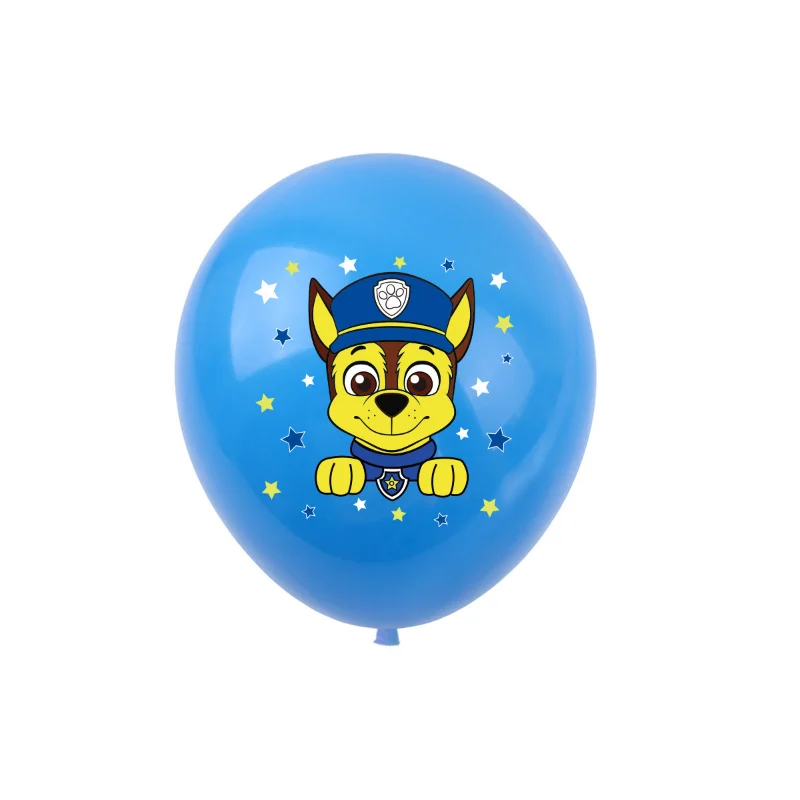 10pcs Paw Patrol Balloons Anime Theme Birthday Party Decoration Supplies Cute Cartoon Patrol Canine Chase Balloon Kids Toy Gifts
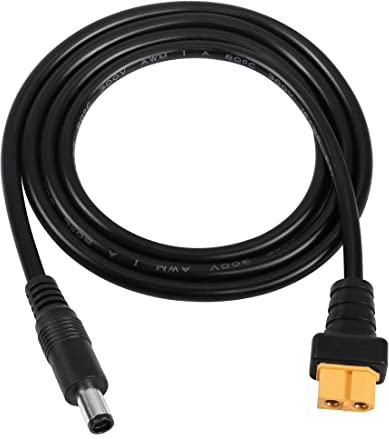 YACSEJAO XT60 auf DC Adapterkabel XT60 Stecker Bullet Connector auf DC 7,4 mm x 5,0 mm Stecker Stecker Adapter für Laptop (XT60 Buchse, 1 m)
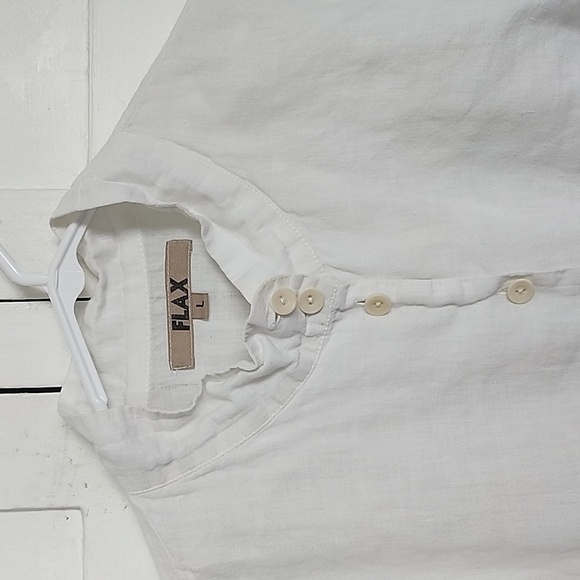 FLAX Whit Linen Top L - Picture 4 of 7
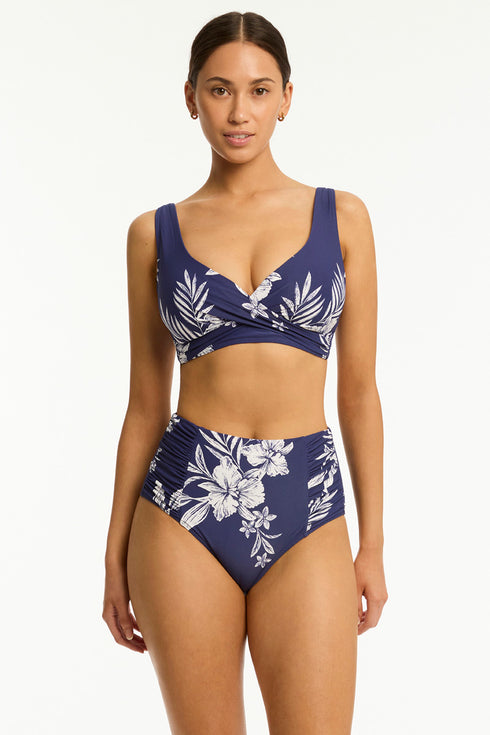 Sea Level Aloha Cross Front Multifit Bra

# [Task goal]
Reproduce all of the material exactly, apart from the pictures.

# [Written response]
 10pcs Paw Patrol Balloons Anime Theme Birthday Party Decoration Supplies Cute Cartoon Patrol Canine Chase Balloon Kids Toy Gifts
 YACSEJAO XT60 auf DC Adapterkabel XT60 Stecker Bullet Connector auf DC 7,4 mm x 5,0 mm Stecker Stecker Adapter für Laptop (XT60 Buchse, 1 m)
 FLAX Whit Linen Top L - Picture 4 of 7
 Sea Level Aloha Cross Front Multifit Bra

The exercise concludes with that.